Habitualmente, la mañana del señor Clutter empezaba a las seis y media, cuando lo despertaba el ruido de los bidones de leche y la charla de los muchachos que los llevaban, los dos hijos del peón Vic Irsik. Pero hoy se había quedado en la cama, dejando que los hijos de Vic Irsik fueran y vinieran, porque el día anterior —un viernes trece— había sido un día agitado, aunque agradable. Bonnie había vuelto a ser «la de antes»; como preludio a la normalidad, a las fuerzas que recuperaría tan pronto, se había pintado los labios, se había peinado y, con un vestido nuevo, lo había acompañado al Colegio Holcomb donde ambos habían aplaudido una representación estudiantil de Tom Sawyer en la que Nancy había interpretado a Becky Thatcher. Había disfrutado viendo como Nancy actuaba en público, nerviosa pero sonriente, y los dos se enorgullecieron por la actuación de Nancy, que había desempeñado muy bien su papel, sin olvidar ni una coma, y que, como le dijo él después en el camerino, «estaba preciosa; una verdadera belleza del Sur». Después, Nancy, comportándose como si verdaderamente lo fuera, hizo una encantadora reverencia y pidió permiso para ir a Garden City donde en sesión especial a las once y media, en el State Theatre, daban una película de horror que todos sus amigos querían ver. En otras circunstancias, el señor Clutter hubiese negado el permiso. Sus normas eran leyes y una de ellas era que Nancy —y Kenyon— tenían que estar en casa a las diez; sólo los sábados podían llegar a las doce. Pero había pasado tan bien la velada que dio su consentimiento. Nancy no volvió a casa hasta las dos. El la oyó llegar y la llamó; aunque no era dado a levantar la voz, en aquella ocasión quiso decirle cuatro cosas, no tanto a propósito de la obra sino de Bobby Rupp, el muchacho que la había acompañado a casa, héroe del baloncesto estudiantil.
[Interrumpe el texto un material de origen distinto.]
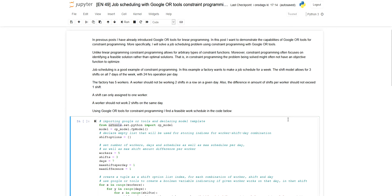In this video I will be looking at Google OR tools in Python. I've already demonstrated Google OR tools for linear programming where I optimized a linear optimization problem. In this video I want to look at constraint programming and apply it with Google OR tools in Python for a job scheduling problem.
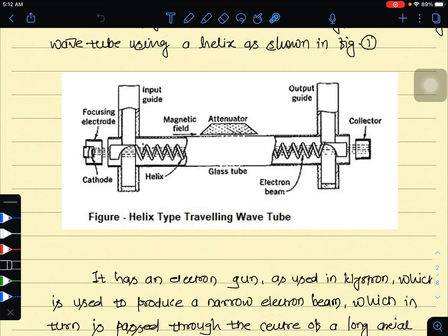When the velocity of the electron beam traveling through the helix approximates the rate of advance of the axial field, interaction takes place between them. The net average electrons deliver energy to the wave on the helix, so the wave gains energy from the electrons.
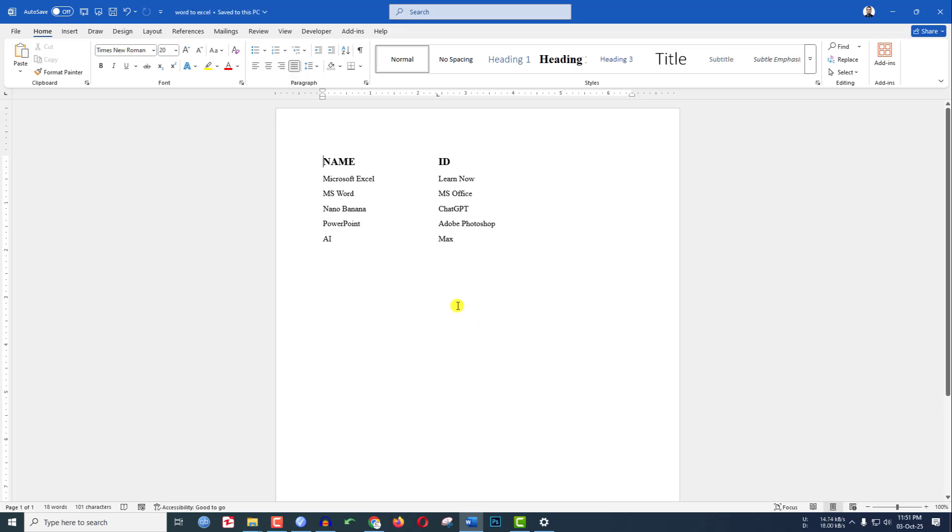In this video, you are going to see how to convert a Word document to Microsoft Excel. Here I have a Word document and I have written some data over here. Now I have to save this file as a plain text.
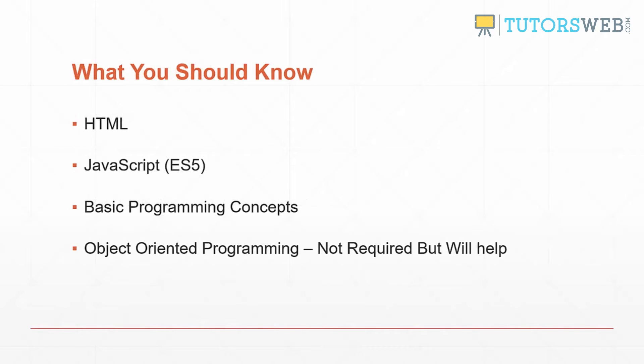What you should know before taking this course: you should at least know some HTML, a little bit of JavaScript. You don't have to be a pro, this is probably ES5. Basic programming concepts like arrays, objects, loops, functions, things like that.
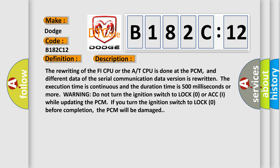Warning: do not turn the ignition switch to lock zero or ACC while updating the PCM. If you turn the ignition switch to lock zero before completion, the PCM will be damaged.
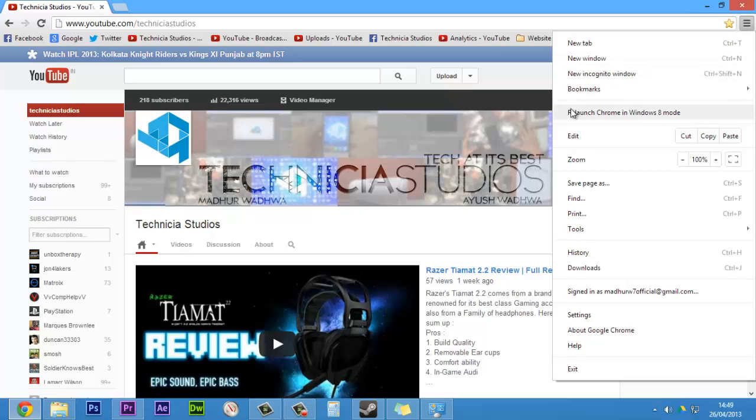The Metro mode is also called Windows 8 mode in Google Chrome. So just click on that. Chrome will close up and it will open up again.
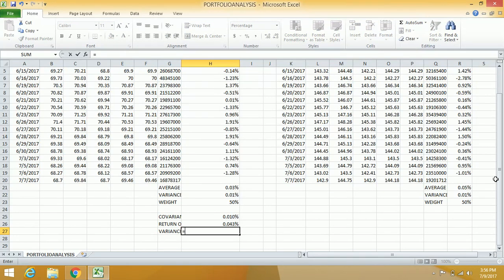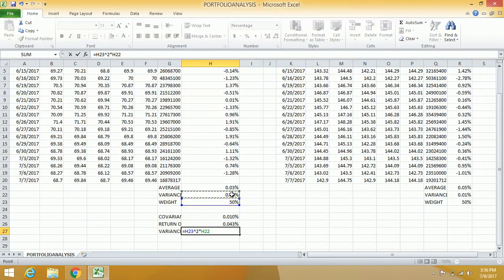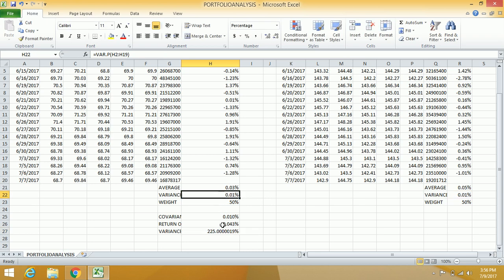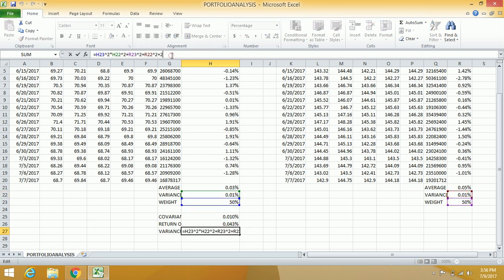Finally, let us compute the variance of the portfolio, which will be the value of the portfolio.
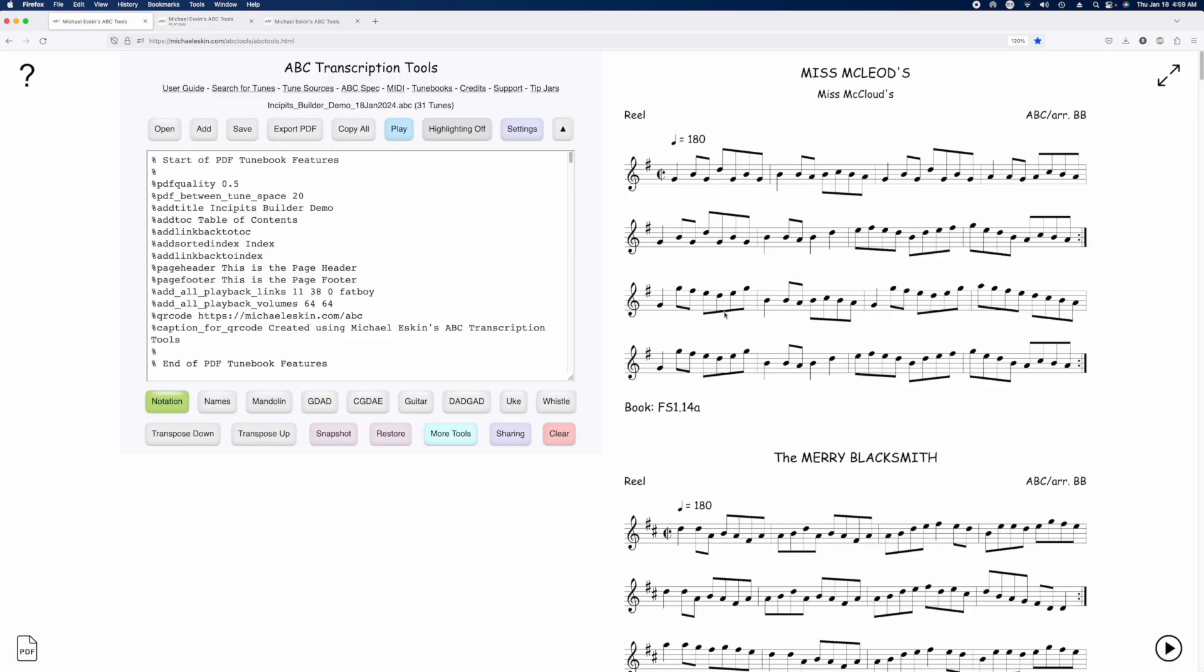Now, there may be times when you want notation in incipits, but you don't want that full first line. You want just a couple of measures, and I'm going to show you exactly how to do that now.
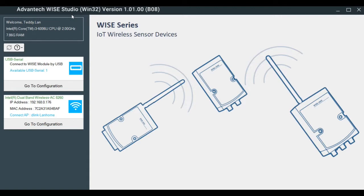Now, I am already connected my WISE to the laptop. So next, we are going to the configuration.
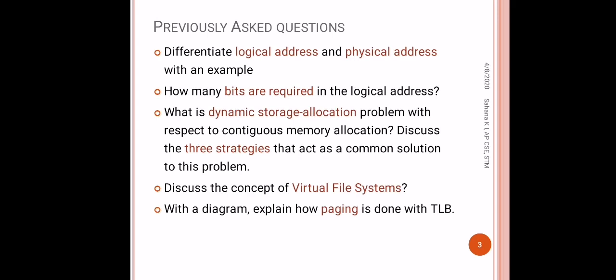Here I am discussing the previously asked questions of KTU from this module. Two types of questions are asked: theoretical and problematic questions. The theoretical questions are listed here. Differentiate logical address and physical address with an example. You already know about logical address and physical address. Then, how many bits are required in the logical address?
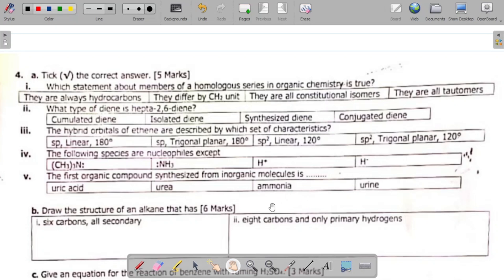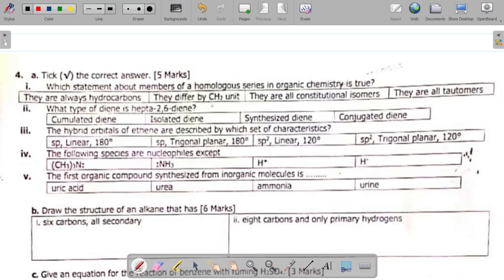Question 4a(i) asks: which statement about members of a homologous series in organic chemistry is true? The option 'they are always hydrocarbons' is not true, because homologous series can include amines (which contain nitrogen) and alcohols (which contain oxygen). The correct answer is that members differ by CH₂ units — that is the definition of a homologous series.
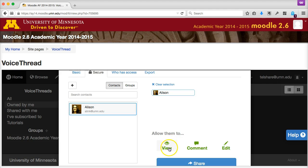Otherwise, choose View Only if you want to give your classmates a sneak preview of your presentation, but don't want them to be able to change anything on the presentation or add or delete any slides.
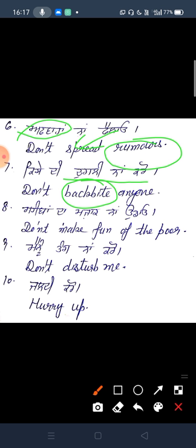Don't make fun of the poor. Don't disturb.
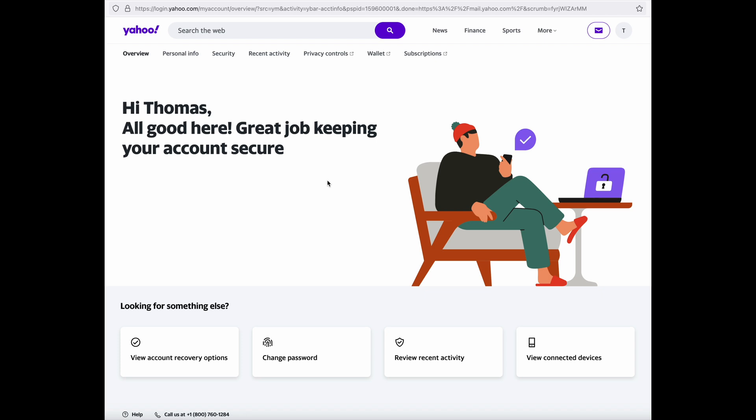Cox has just switched over to Yahoo for email and it's had a lot of customers confused, wondering what they need to do to set up Yahoo email on their mail clients like Apple Mail. What you have to do is go into your account details on Yahoo and click the security tab at the top.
Al señor Clutter le gustaba el chico y consideraba que para su edad —diecisiete años— era digno de confianza y todo un caballero. Sin embargo, desde que tres años antes le había dado permiso para salir con chicos, Nancy, bonita y admirada como era, no había salido con ningún otro y aunque el señor Clutter aceptaba las costumbres modernas de los adolescentes de todo el país que tenían un amigo fijo, «iban en serio» y usaban anillo, no las aprobaba, sobre todo desde que, por casualidad, había sorprendido al chico Rupp y a su hija besándose. No hacía mucho de eso y había aconsejado a Nancy que dejara de ver tanto a Bobby, tratando de explicarle que era mejor distanciarse gradualmente de él ahora que romper bruscamente más tarde, cosa que no podría menos que suceder pues la familia Rupp era católica y los Clutter metodistas, razón suficiente para que las ilusiones que ambos podían tener de casarse algún día no fueran más que eso, ilusiones. Nancy se había mostrado razonable —por lo menos no discutió— y ahora, antes de darle las buenas noches, Clutter le hizo prometer que comenzaría a distanciarse de Bobby.
El incidente retrasó mucho su hora de acostarse, cosa que solía hacer a las once. Como consecuencia, eran más de las siete cuando se levantó el sábado 14 de noviembre de 1959. Su mujer se quedaba en cama hasta más tarde, pero el señor Clutter cuando se afeitaba, se duchaba y se ponía los pantalones de sarga, la chaqueta de cuero de los ganaderos y las botas de montar no temía despertarla, pues no compartían la misma habitación. Hacía años que dormía solo en el dormitorio principal de la planta baja de la casa de madera y ladrillo, que constaba de catorce habitaciones distribuidas en dos plantas. La señora Clutter, a pesar de que guardaba su ropa en el armario de ese dormitorio y tenía sus pocos cosméticos y sus mil medicamentos en el baño contiguo de azulejos y cristal, ocupaba siempre el cuarto que había sido de Eveanna, que como el de Nancy y el de Kenyon estaba en la planta alta.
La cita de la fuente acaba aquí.